Dans ce contexte, pour les ins­ti­tu­tions de recherche cen­trées sur les ques­tions théo­riques, les finan­ce­ments ne doivent pas dépendre de l’obtention de résul­tats à court terme. Sinon seules des amé­lio­ra­tions tech­niques peuvent être espé­rées. Bien sou­vent, et les vingt der­nières années en offrent de mul­tiples exemples, de l’irruption des moyens mobiles de télé­com­mu­ni­ca­tion aux tech­niques sophis­ti­quées d’imagerie médi­cale, ce sont au contraire des rup­tures concep­tuelles qui engendrent des déve­lop­pe­ments indus­triels radi­ca­le­ment nova­teurs, et ont un effet struc­tu­rant pou­vant aller jusqu’à l’émergence d’un sec­teur indus­triel nouveau.

Faire confiance à la communauté scientifique

De ce point de vue, la domi­na­tion sans par­tage des finan­ce­ments sur pro­jets, même des pro­jets « blancs », qui se met en place, est une menace sérieuse sur la recherche fon­da­men­tale qui a besoin de pou­voir s’appuyer sur des finan­ce­ments récur­rents de niveau suf­fi­sant. Le trans­fert de la majeure par­tie du finan­ce­ment de la recherche vers l’Agence natio­nale de la recherche étroi­te­ment pilo­tée par le minis­tère de la Recherche, sans qu’un conseil scien­ti­fique dis­cute des moda­li­tés de son fonc­tion­ne­ment, est donc une déci­sion igno­rant les modes effec­tifs de fonc­tion­ne­ment de la recherche, et notam­ment du rôle et des moda­li­tés de la recherche fon­da­men­tale. Elle témoigne d’un manque de confiance, envers la com­mu­nau­té scien­ti­fique, qui porte en germe de graves risques de départ des meilleurs cher­cheurs qui pré­fé­re­ront un envi­ron­ne­ment plus serein et moins aléa­toire, où leur point de vue est pris au sérieux sans être fil­tré par divers lobbies.

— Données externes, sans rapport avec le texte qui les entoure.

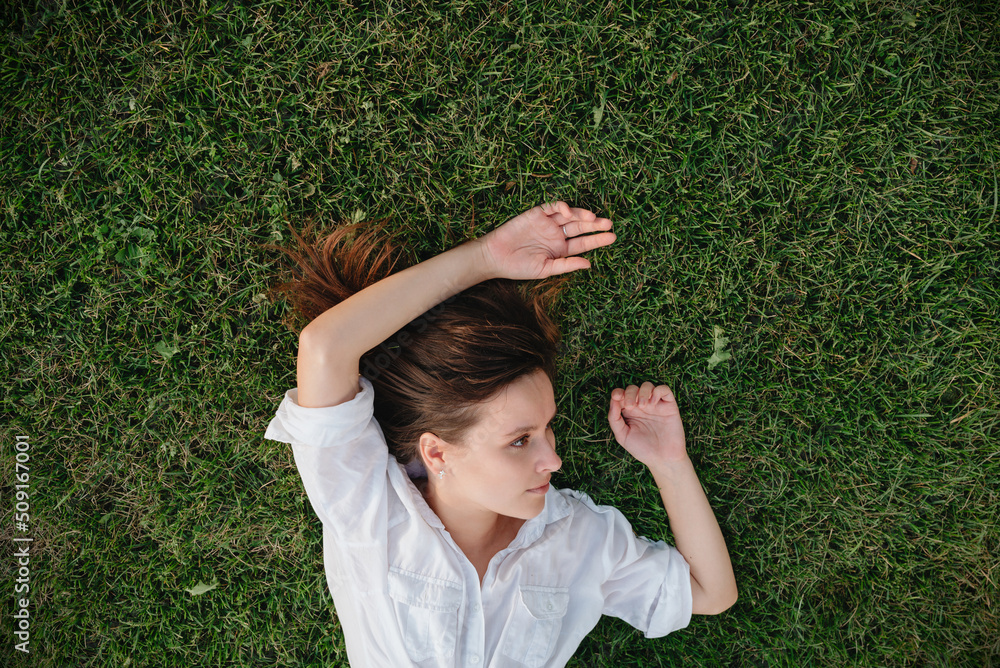 shot of woman lying on green grass shot of woman lying on green grass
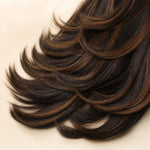 Back view of a brown highlight human hair wig with feathered butterfly layers and soft flipped ends.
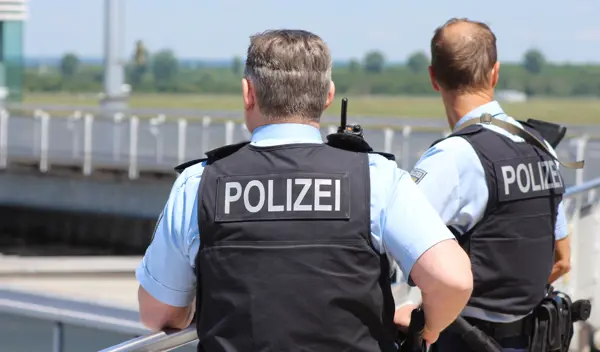 Foto met twee Duitse politiemannen die langs een weg staan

Établir des relations dans la durée

En ce qui concerne les par­te­na­riats public-pri­vé, il est impor­tant de don­ner la prio­ri­té à l’établissement de rela­tions dans la durée. Les finan­ce­ments à court terme ne sont pas de nature à don­ner aux ins­ti­tu­tions aca­dé­miques et de recherche les vrais outils de déve­lop­pe­ment dont elles ont besoin. Il y a en effet un cercle ver­tueux de l’attractivité : pour être en mesure de convaincre un finan­ceur pri­vé de s’engager en dotant en fonds propres une ins­ti­tu­tion de ce type, celle-ci doit être suf­fi­sam­ment attrac­tive et avoir don­né suf­fi­sam­ment de gages de la légi­ti­mi­té de ses ambi­tions et de son sens de la prise de risque. Si elle par­vient à le convaincre, grâce à l’augmentation de ses fonds propres résul­tant d’une dota­tion, elle peut atti­rer des cher­cheurs ou des pro­fes­seurs de France ou de l’étranger dont la pré­sence est déter­mi­nante pour atti­rer d’autres cher­cheurs ou étu­diants excel­lents. Le cycle peut conti­nuer. Celui-ci ne peut être enclen­ché avec des dota­tions ciblées et pro­dui­sant leur effet pour quelques années, il faut être plus ambi­tieux pour vrai­ment pou­voir chan­ger la donne.
Le mar­ché de la recherche comme de l’éducation à haut niveau est désor­mais inter­na­tio­nal, les finan­ceurs poten­tiels, qui tiennent compte des retom­bées qu’ils peuvent espé­rer de leurs efforts, seront prêts à s’engager pour une ins­ti­tu­tion aca­dé­mique ou de recherche si son pou­voir d’attraction est mon­dial. Pour une telle ins­ti­tu­tion, il est impor­tant d’avoir une mesure fiable de ce pou­voir à l’instant pré­sent et dans un ave­nir plus ou moins proche en fonc­tion des stra­té­gies éla­bo­rées et de leur cré­di­bi­li­té. Pour cette rai­son éga­le­ment l’attractivité est le cœur de l’équation.